Um país que invista em ônibus movidos a gás natural, mas não tenha acesso fácil a esse recurso, pode acabar criando ainda mais emissões de carbono. Já as prefeituras que optarem por veículos movidos a bateria precisarão entender e planejar bem como eles se conectarão à rede elétrica da cidade, de modo a não haver sobrecarga, por exemplo.

A especialista em transportes Maria Cordeiro, do Banco Mundial, acrescenta um ponto: “Implementar uma tecnologia não significa que a mobilidade urbana será automaticamente sustentável. O desafio de mudar para tecnologias limpas será menor se os sistemas de transporte como um todo forem mais eficientes”.

Carros elétricos

Fortaleza, a quinta cidade mais populosa do Brasil, “tem tantos problemas que muita gente ainda não se preocupa com desenvolvimento sustentável”, nas palavras do ex-secretário executivo de Conservação e Serviços Públicos, Luiz Sabóia. Ainda assim, a cidade desenvolveu dois inventários de emissões de gases causadores de efeito estufa dos transportes e estabeleceu um objetivo de reduções para o setor: 20% até 2030.

Para ajudar a alcançar a meta, a cidade apostou em diversas medidas de baixo custo, como a criação de ciclovias (199km hoje) e faixas exclusivas para ônibus (98km). “Houve certa resistência quando destinamos uma das pistas da principal avenida da cidade só para ônibus, mas tanta gente usa esse meio de transporte que foi melhor alocar 25% do espaço para tal fim”, comentou Sabóia. Outra ideia foi criar programas de compartilhamento de bicicletas e carros elétricos (são 20 à disposição atualmente).

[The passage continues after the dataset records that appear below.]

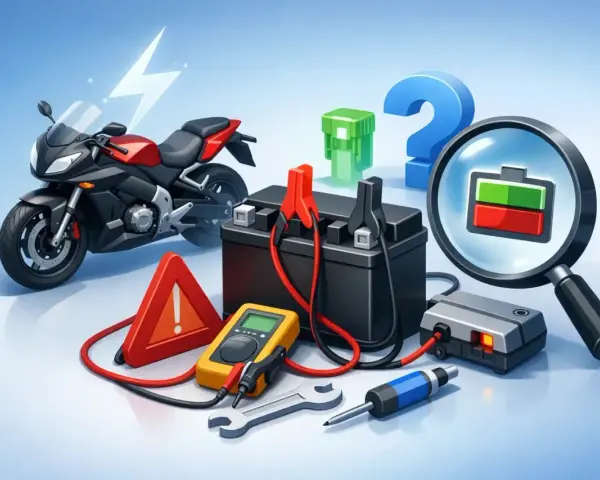 Moto non parte? Batteria scarica, fusibile bruciato, o problema elettrico? Strumenti e un punto interrogativo per capire cosa non va.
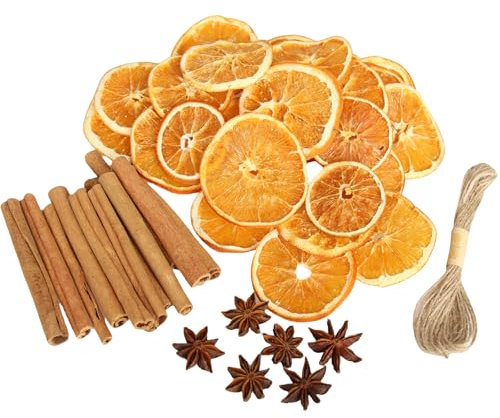 42pcs Christmas Tree Decorations,Dried Orange Slices Cinnamon Sticks Star Anise for Christmas Tree Wreath DIY Crafts Vase Filler Home Wedding Decorations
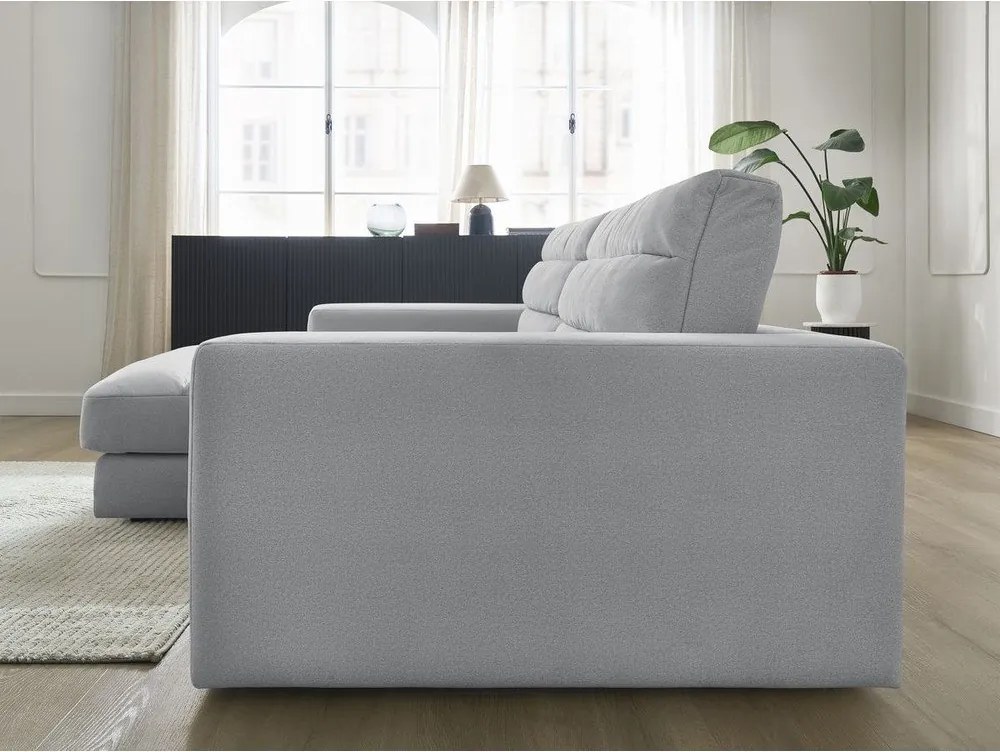 Colțar gri deschis cu tapițerie din catifea (cu colț pe partea stângă/cu șezlong) Sierra – Bobochic Paris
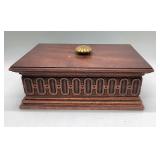 Solid mahogany storage box w brass handle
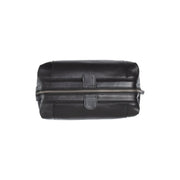 Biassa Full-Grain Leather Toiletry Bag para Mulher - Lateral Side Profile View Showing Sleeve Cut &amp; Athletic Taper Fit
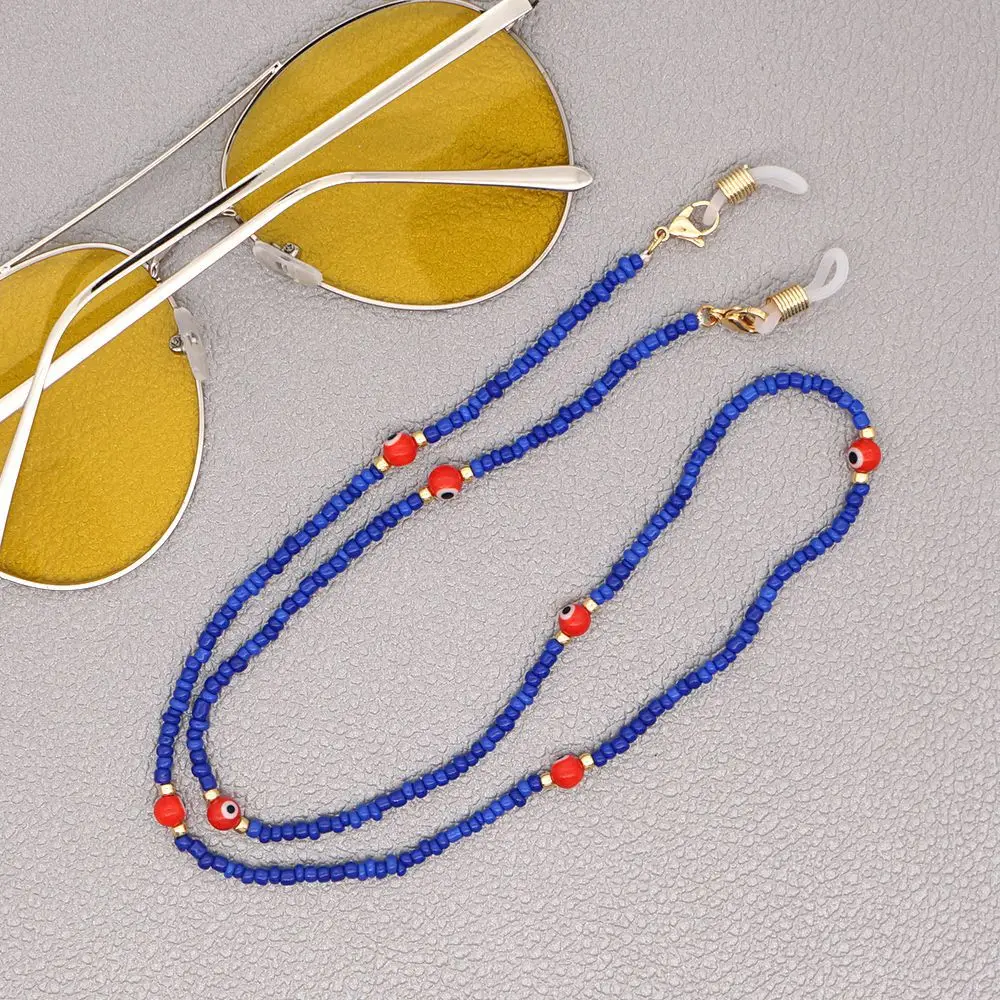 

Multi Function Glass Evil Eyes Handmade Women Beads Facemask Sun Glasses Neck Chain Eyewear Accessories Holder Strap Chains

Todas essas iniciativas dão mais conforto a quem não usa um meio de transporte individual e ajudam a conscientizar sobre sustentabilidade. E o melhor: podem ser adotadas por outras cidades em desenvolvimento. Afinal, as mudanças climáticas não esperam e podem ter impactos significativos nas cidades, independentemente do tamanho ou do orçamento.